Levenscyclus van diensten
De levenscyclus van een dienst kan ook op elk niveau van de dienstenhiërarchie worden
vastgesteld. Per niveau kan de levenscyclus namelijk verschillen. De organisatie moet
verschillende keuzes maken ten aanzien van haar dienstenbeleid en zich bezighouden
met het managen van levenscycli. Het concept van de levenscyclus is van strategisch
belang omdat er op ondernemingsniveau uiteraard een balans moet zijn tussen de
investering (meestal in het begin) en de opbrengsten (in een latere fase) die een product
of dienst met zich meebrengt. Vaak gaat het om een combinatie van diverse, elkaar
opvolgende levenscycli, die als optelsom een curve laten zien. Als dienstenmarketeer
moet je steeds blijven innoveren.
De bekende productlevenscyclus (PLC) is de levenscyclus voor diensten. In deze cyclus
worden vijf fasen onderscheiden.
Introductiefase: de nadruk licht voornamelijk op het ontwikkelen van de primaire vraag
voor de diensten. Verschillende prijsstrategieën kunnen dan worden gevolgd. Zowel de
dienstenklasse als de doelgroep is te karakteriseren als klein met specifieke wensen.

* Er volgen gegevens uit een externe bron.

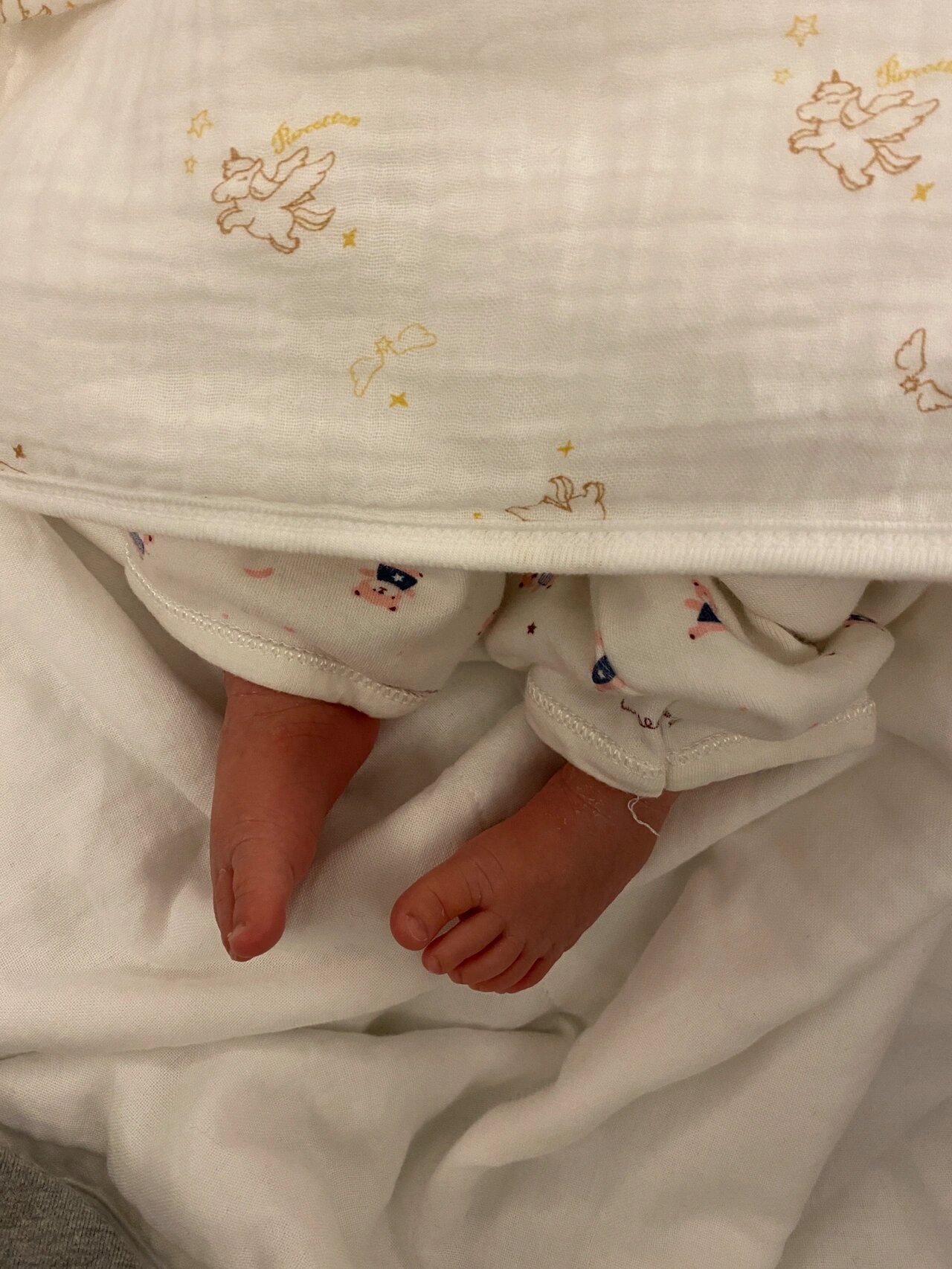 孕期双足内翻终于出了好结果,传好运 在孕期的时候查出宝宝是双足内翻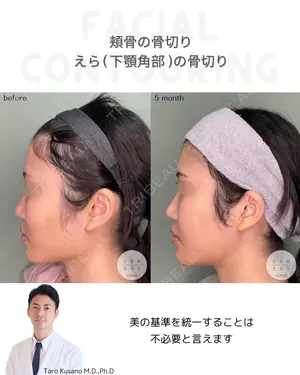 null days after image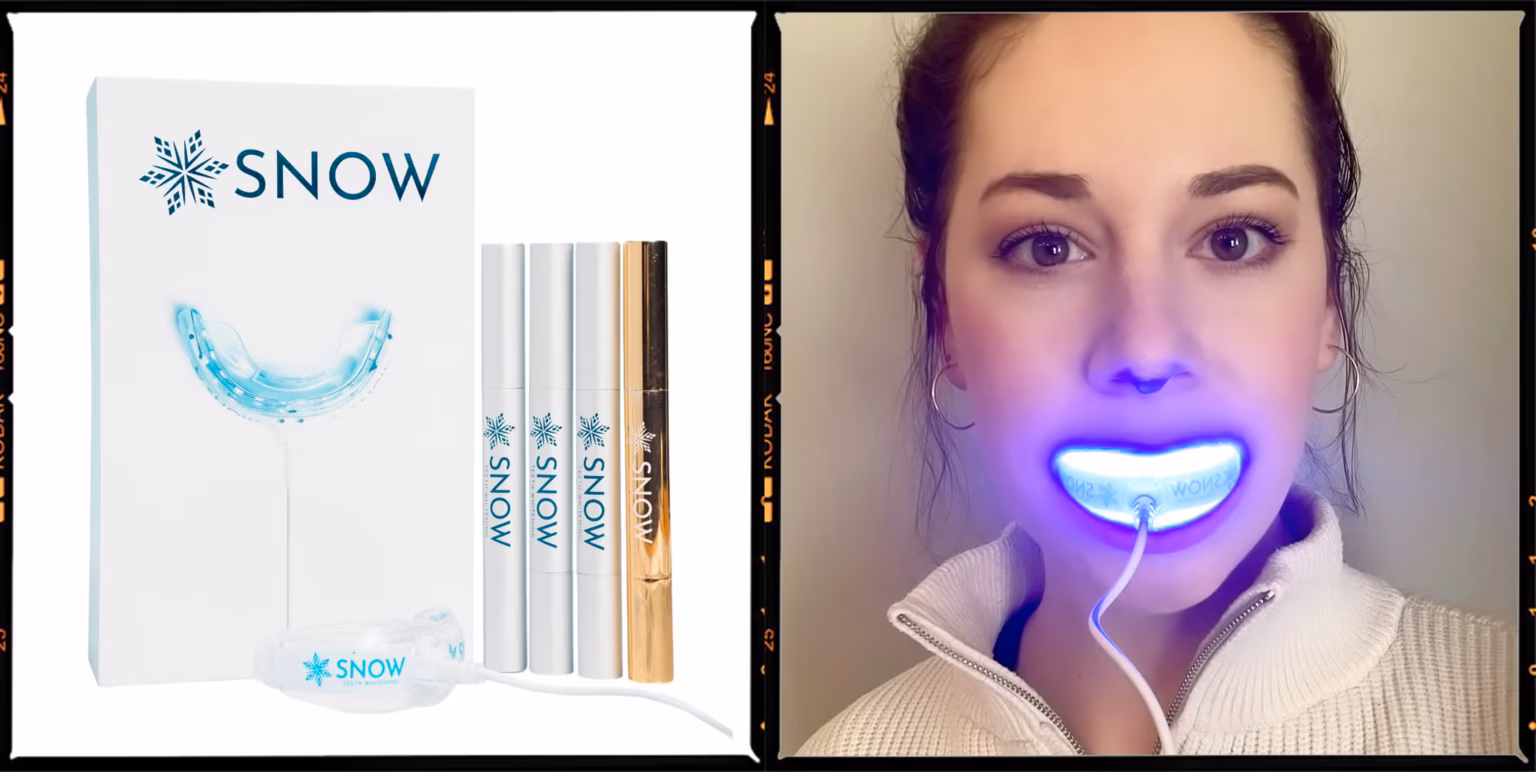 snow teeth whitening review 1649256762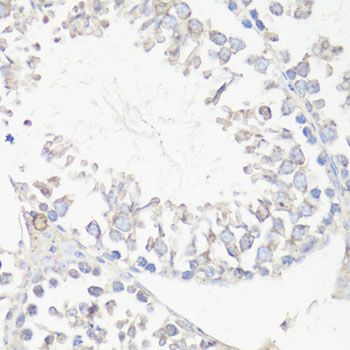 Immunohistochemistry - MAP1LC3B Polyclonal Antibody (144-11282)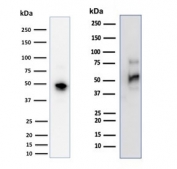 Western blot testing of two different lots of human Raji cell lysate with CD79a antibody (clone JCB117). Expected molecular weight: 25-47 kDa depending on glycosylation level.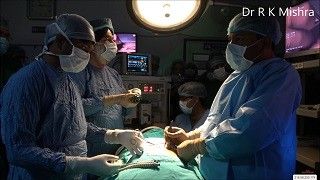 Laparoscopic Varicocelectomy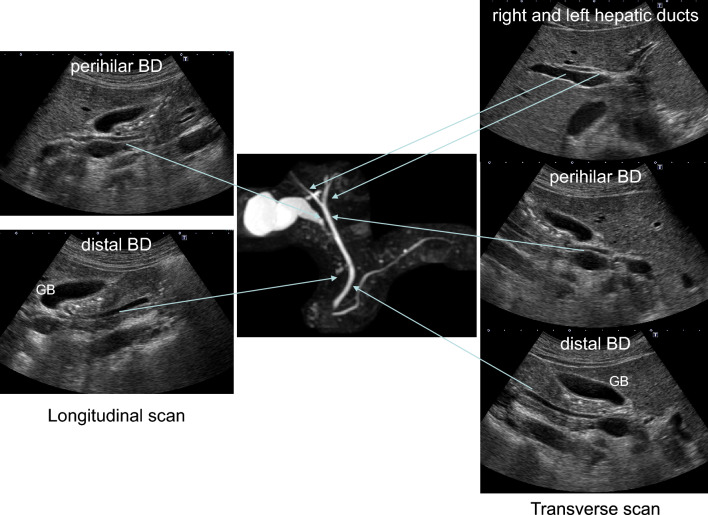 Fig. 1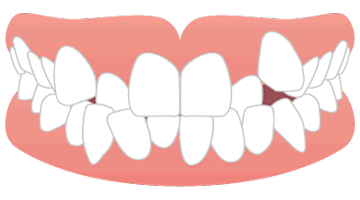 画像：八重歯・乱ぐい歯（叢生・そうせい）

Deze fase komt overeen met het question mark kwadrant.
Groeifase: Kenmerkt zich door een snelle groei van de afzet. De opinieleiders en early
adopters maken meer ene meer gebruik van de dienst. Er moet worden gezocht naar
nieuwe doelgroepen of distributiekanalen. De promotie, die in de introductiefase nog is
gericht op de dienst, moet zich nu meer richten op het merk of de variant. Deze fase
toont gelijkenis met het star kwadrant.
Volwassenheidsfase: de dienst groeit naar de maximale omzet. De markt is optimaal
en de dienst kan worden gezien als een ware cash cow. Natuurlijk is deze fase het doel
van elke dienst en dienstverlener. De groei verdwijnt langzaam uit de markt. Het
toevoegen van additionele diensten kan nog winstgevend zijn, maar de nadruk komt in
deze fase meer te liggen op het optimaliseren van de dienst.